Prenatal: Prenatal testing is available for the indication dyskeratosis congenita. Please call an Ambry Genetic Counselor to discuss your case.
| Test Code | Technique | CPT Codes |
|---|---|---|
| 1960 | DKC1 Gene Sequence Analysis | 83891x1, 83894x16, 83898x15, 83904x30, 83909x30, 83912x1 |
| 1980 | TINF2 Gene Sequence Analysis | 83891x1, 83894x2, 83898x1, 83904x2, 83909x2, 83912x1 |
| 2120 | TERC Gene Sequence Analysis | 83891x1, 83894x2, 83898x1, 83904x2, 83909x2, 83912x1 |
| 2140 | Step 3 Only (TERT Gene Sequence Analysis) | 83891x1, 83894x20, 83898x19, 83904x38, 83909x38, 83912x1 |
| 5160 | WRAP53 (TCAB1)- Gene Sequence Analysis | 83891x1, 83894x11, 83898x10, 83904x20, 83909x20, 83912x1 |
| 8160 | DC Steps 1-3 Reflex Option to DKC1, TINF2, TERC, NHP2, NOP10, TERT | 83891x1, 83894x39, 83898x38, 83904x75, 83909x76, 83912x3 |
| 8161 | DC Steps 1-3 Concurrent to DKC1, TINF2, TERC, NHP2, NOP10, TERT | 83891x1, 83894x39, 83898x38, 83904x75, 83909x76, 83912x3 |
| 8162 | Step 1 only (DKC1, TINF2 Exon 6, TERC) | 83891x1, 83894x18, 83898x17, 83904x34, 83909x34, 83912x1 |
| 8163 | Step 1 and Step 2 (DKC1, TINF2, TERC, NHP2, NOP10) | 83891x1, 83894x20, 83898x19, 83904x38, 83909x38, 83912x2 |
| 8164 | Step 2 only (NHP2 exon 4, NOP10 exon 2) | 83891x1, 83894x3, 83898x2, 83904x4, 83909x4, 83912x1 |
| Technique | Days |
|---|---|
| DKC1 Gene Sequence Analysis | 10-21 |
| TINF2 Gene Sequence Analysis | 7-14 |
| TERC Gene Sequence Analysis | 7-14 |
| Step 3 Only (TERT Gene Sequence Analysis) | 10-21 |
| WRAP53 (TCAB1)- Gene Sequence Analysis | 10-21 |
| DC Steps 1-3 Reflex Option to DKC1, TINF2, TERC, NHP2, NOP10, TERT | 10-49 |
| DC Steps 1-3 Concurrent to DKC1, TINF2, TERC, NHP2, NOP10, TERT | 10-28 |
| Step 1 only (DKC1, TINF2 Exon 6, TERC) | 14-21 |
| Step 1 and Step 2 (DKC1, TINF2, TERC, NHP2, NOP10) | 14-35 |
| Step 2 only (NHP2 exon 4, NOP10 exon 2) | 7-14 |
1 Kirwan M, Dokal I. Clin Genet. 2008;73:103-112.

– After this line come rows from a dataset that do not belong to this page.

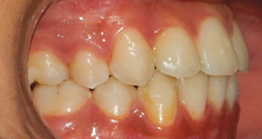pre_teeth1 treatment at avant dental clinic kolkata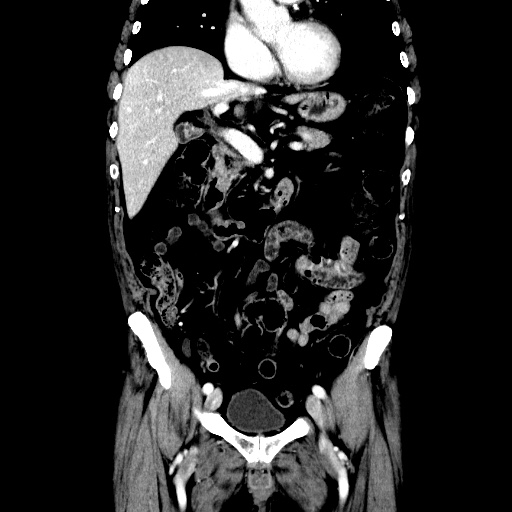 Choledocholiathiasis with normal caliber common bile duct (Radiopaedia 75368-86632 Coronal liver window 56).jpg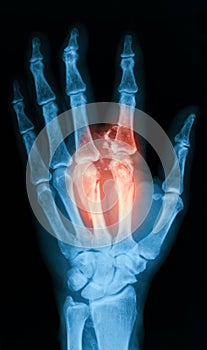 X-ray image of broken hand, AP view.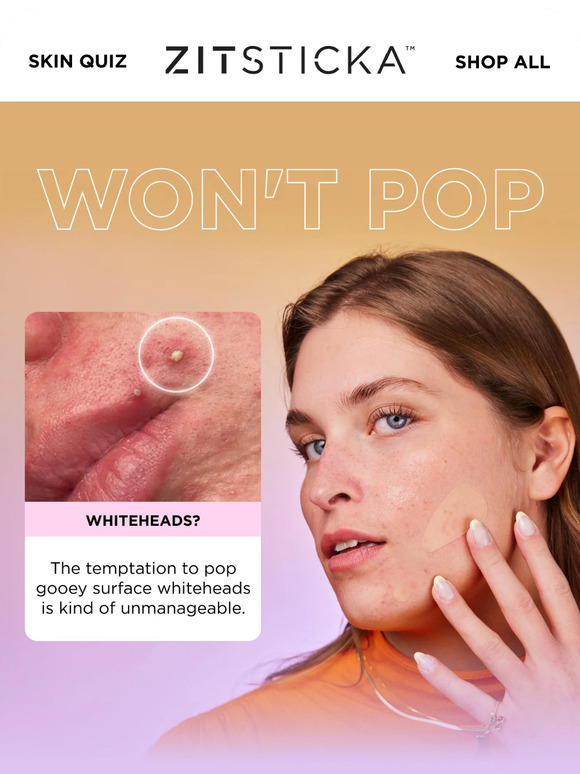 How Hydrocolloid patches work 🧰
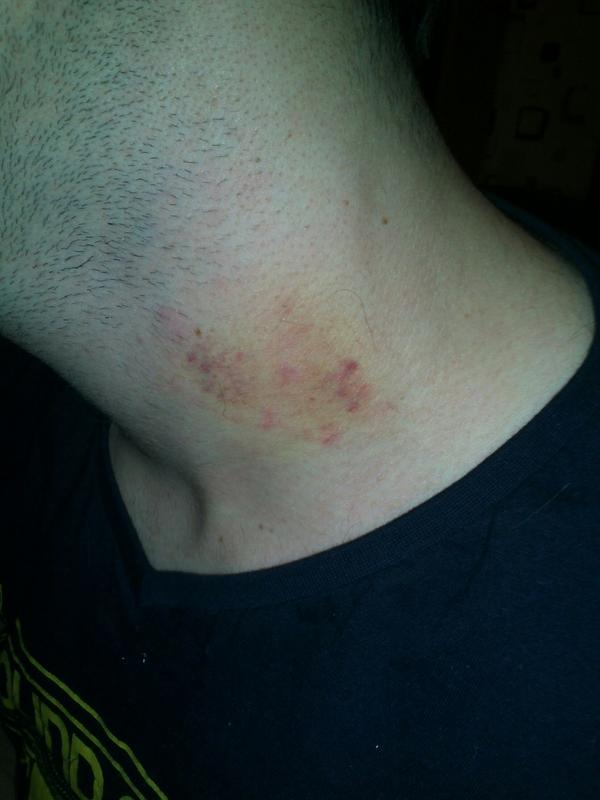 Johnny_easy's tweet photo. Ehm.. okay. Klasse Wochenende, woher kommt das?! http://t.co/7BLI4vWg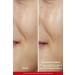 L'Oreal Paris Revitalift 5% Pure Glycolic Acid Peeling Tonic & Revitalift Filler Eye Serum - Buy Online on GoSupps.com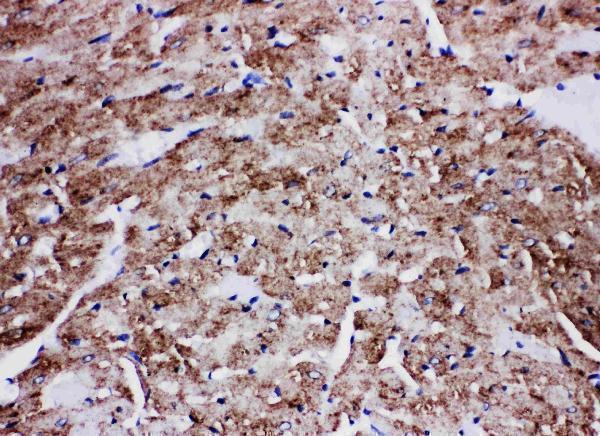 Anti-Glucose Transporter GLUT4/SLC2A4 Antibody Picoband®
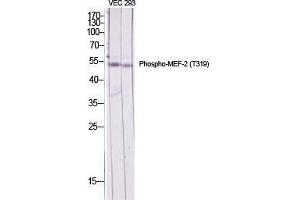Western Blot (WB) analysis of specific cells using Phospho-MEF-2 (T319) Polyclonal Antibody. (MYEF2 Antikörper  (pThr319))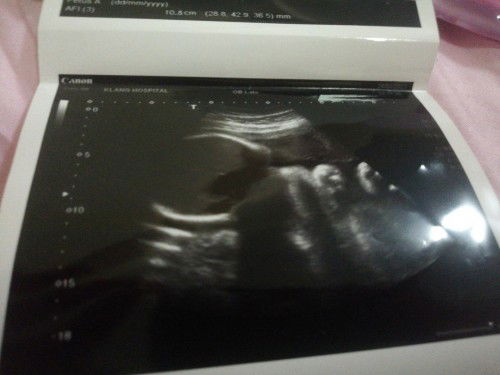 แม่ๆช่วยดูหน่อยคะว่าหญิงรึชายหมอบอกไม่ชัดเจนเลยคพ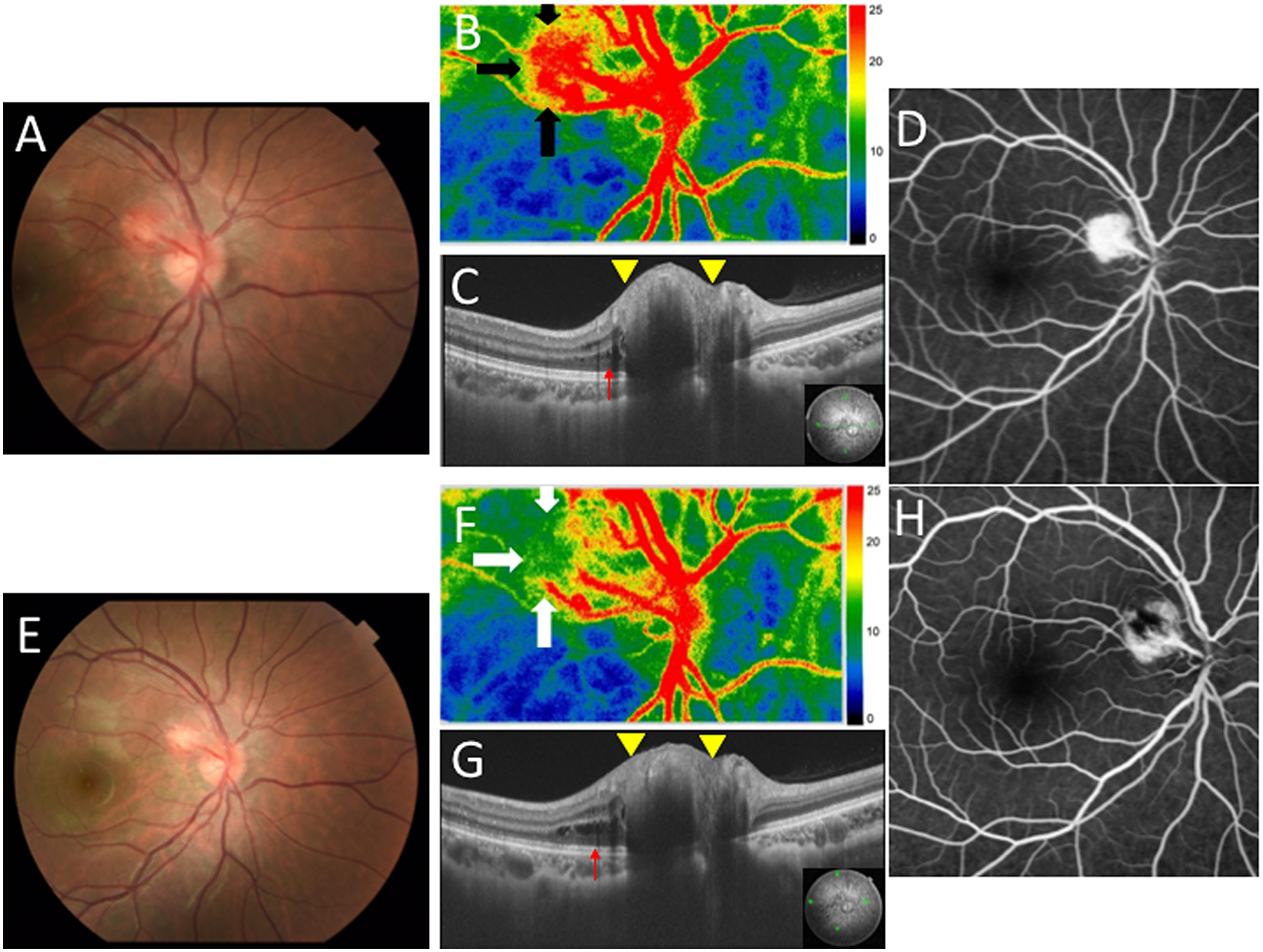Ophthalmic findings before and after laser photocoagulation (LPC) in the present case with JRCH in the right eye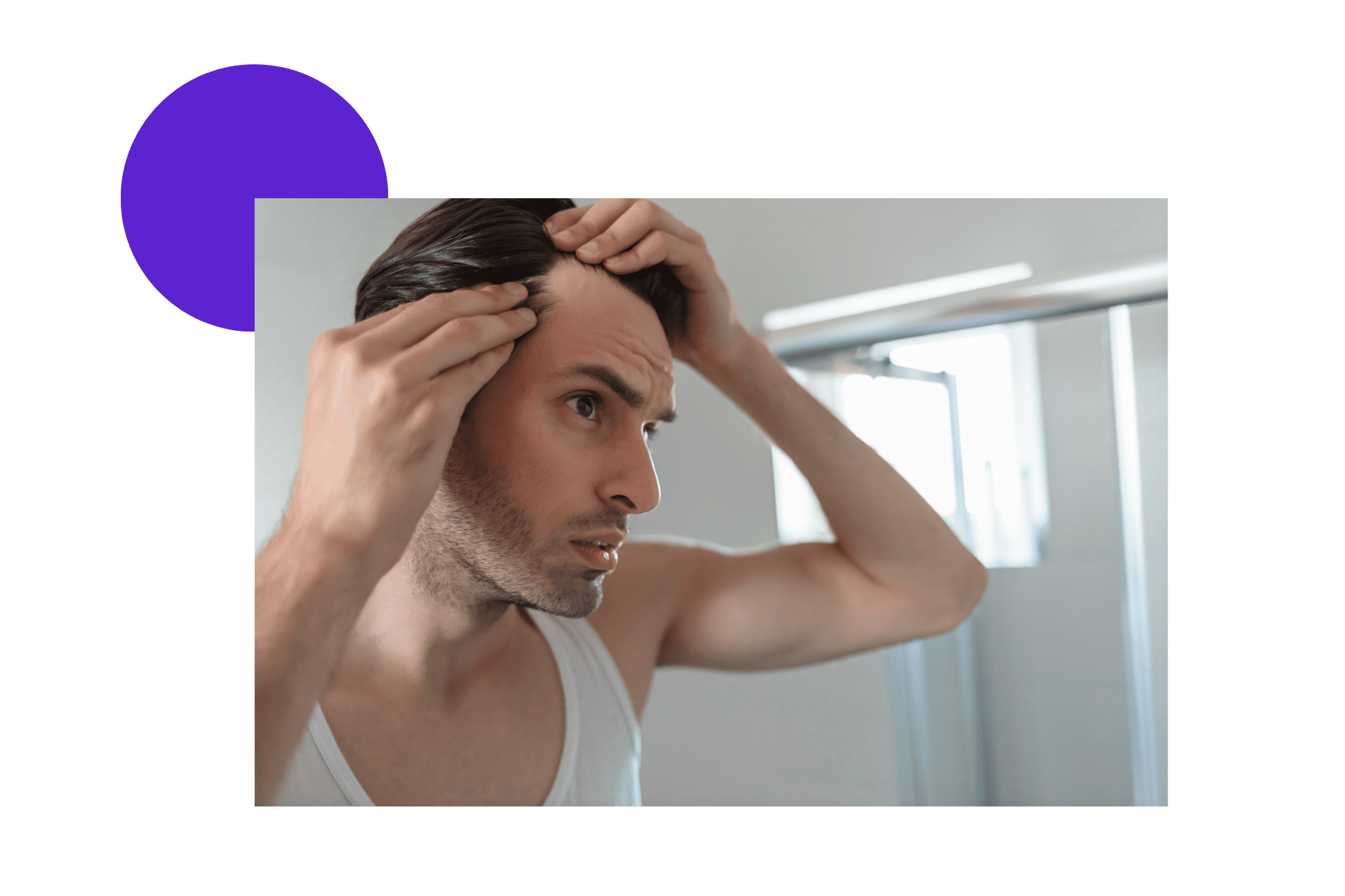 un homme qui subit la perte cheveux homme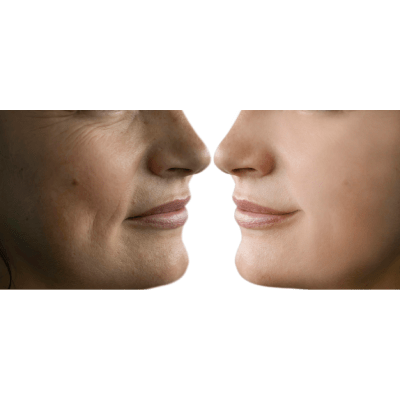 ANTI-WRINKLE TREATMENTS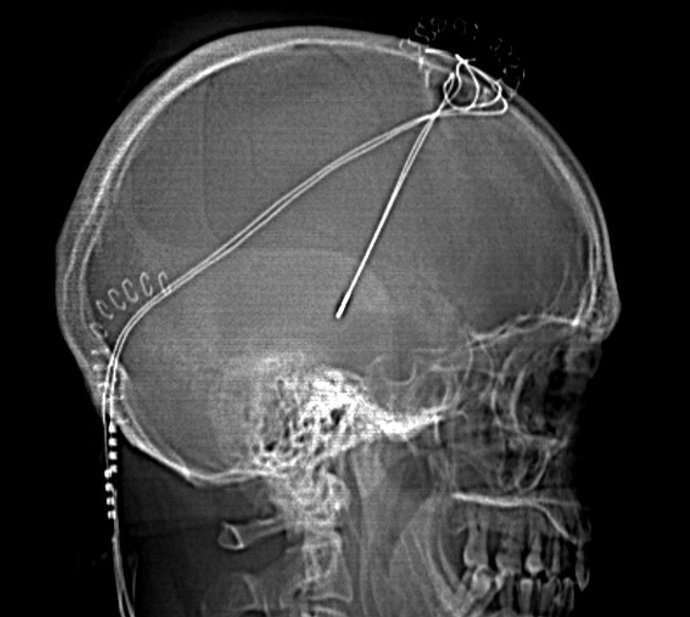 Tratamiento Parkinson 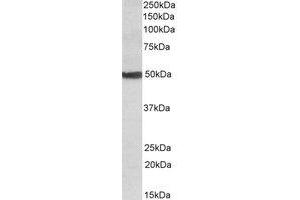 Western Blotting (WB) image for anti-Cytochrome P450, Family 24, Subfamily A, Polypeptide 1 (CYP24A1) (Internal Region) antibody (ABIN2464768) (CYP24A1 antibody  (Internal Region))
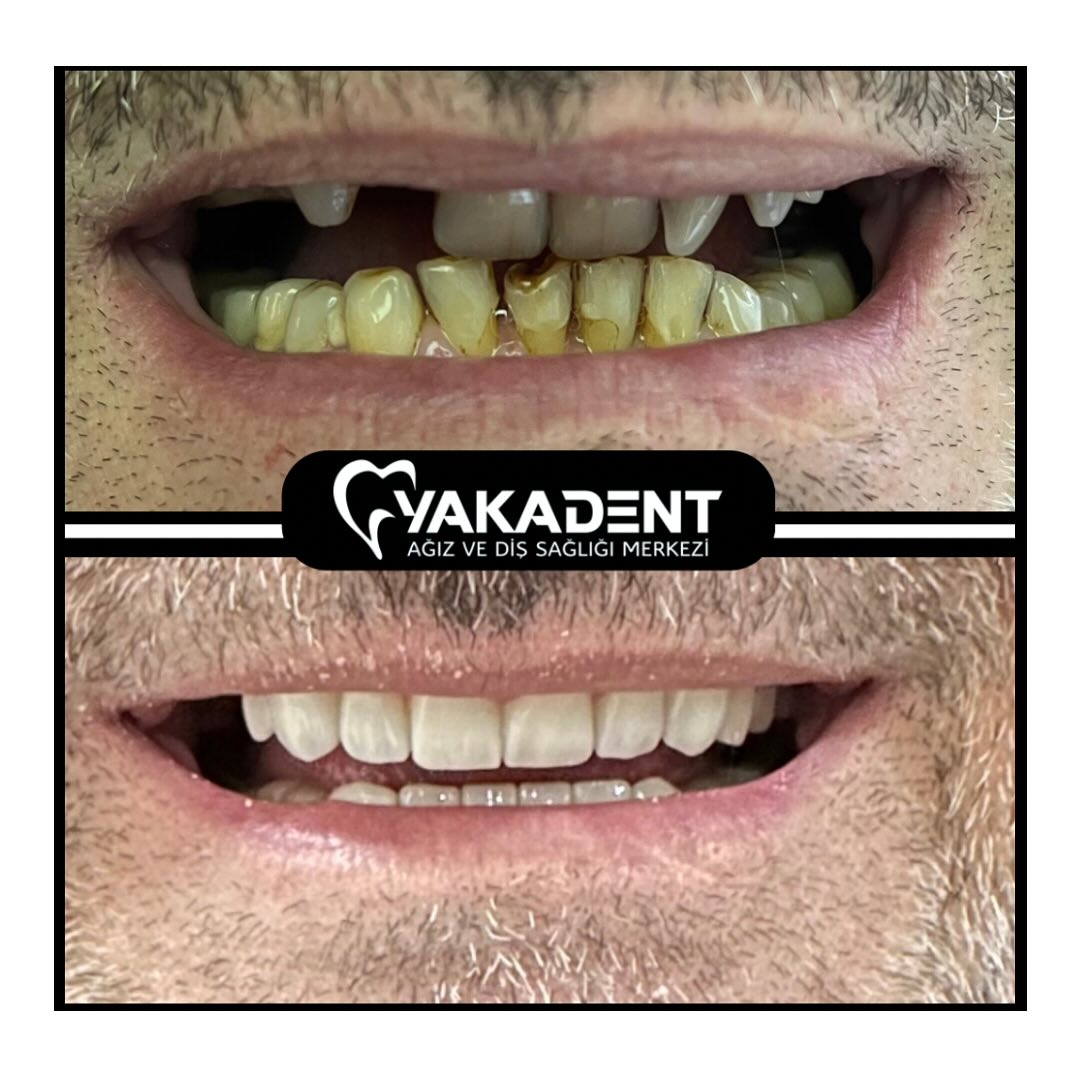 turkey-teeth-before-after-4 turkey-teeth-before-after-4
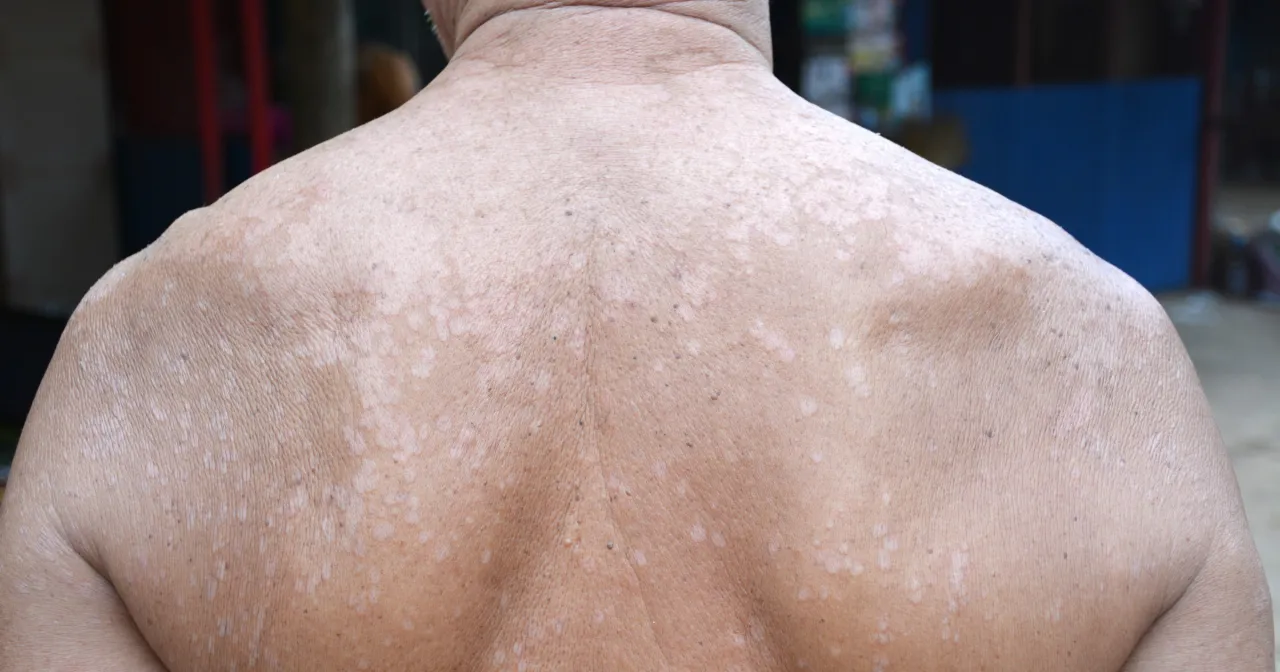 łupież pstry objawy na sk&oacute;rze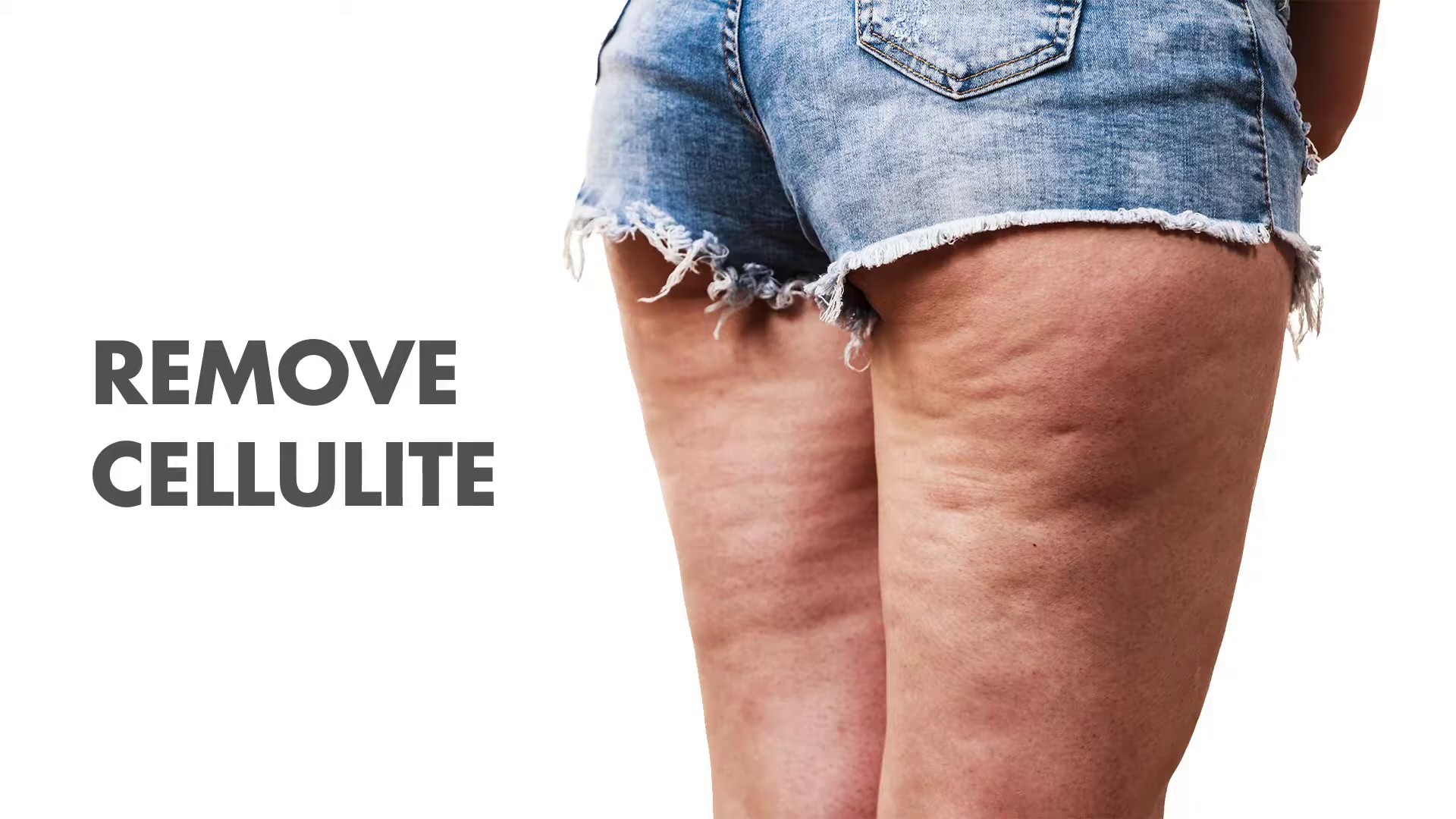 Cellulite elimination treatment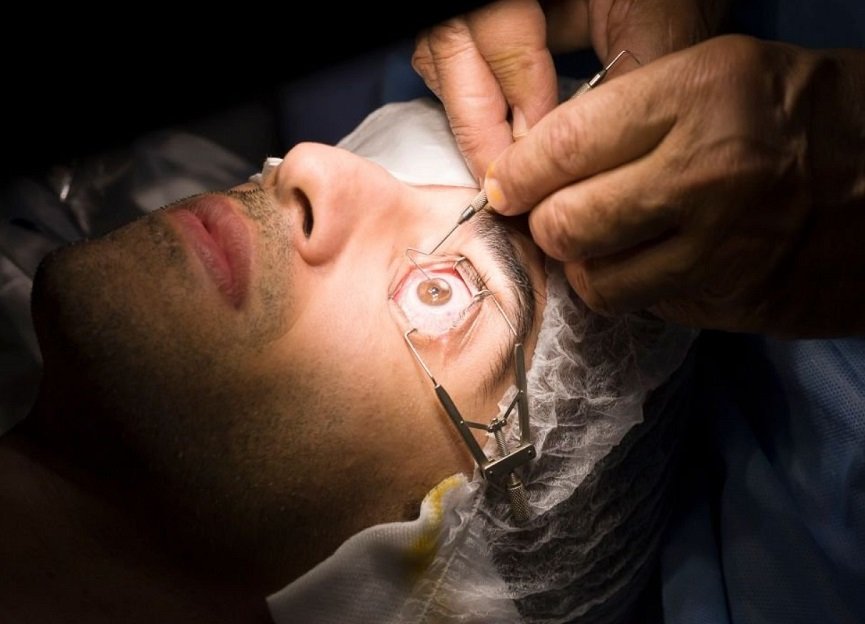 LASIK Surgery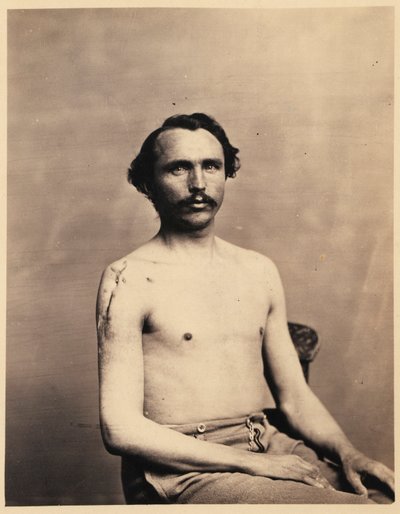 Soldaat Adolph Zirsse, Geslaagde intermediaire excisie van de kop en twee en een halve centimeter van de schacht van de rechter Humerus, uit de fotocatalogus van de chirurgische afdeling door William Bell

2 Vulliamy TJ, Marrone A, et al. Blood. 2006;107:2680-2685.
3 Walne AJ, Vulliamy T, et al. Hum Mol Genet. 2007:16:1619-1629.
4 Walne AJ, Vulliamy T, et al. Blood. 2008;112:3594-3600.
5 Savage SA, Giri N, et al. Am J Hum Genet. 2008;82:501-509.
6 Marrone A, Walne A, et al. Blood. 2007;110:4198-4205.
7 Vulliamy T, Beswick R, et al. Proc Natl Acad Sci. 2008;105:8073-8078.
8 Zhong F, Savage SA, et al. Genes Dev. 2011;25:11-16.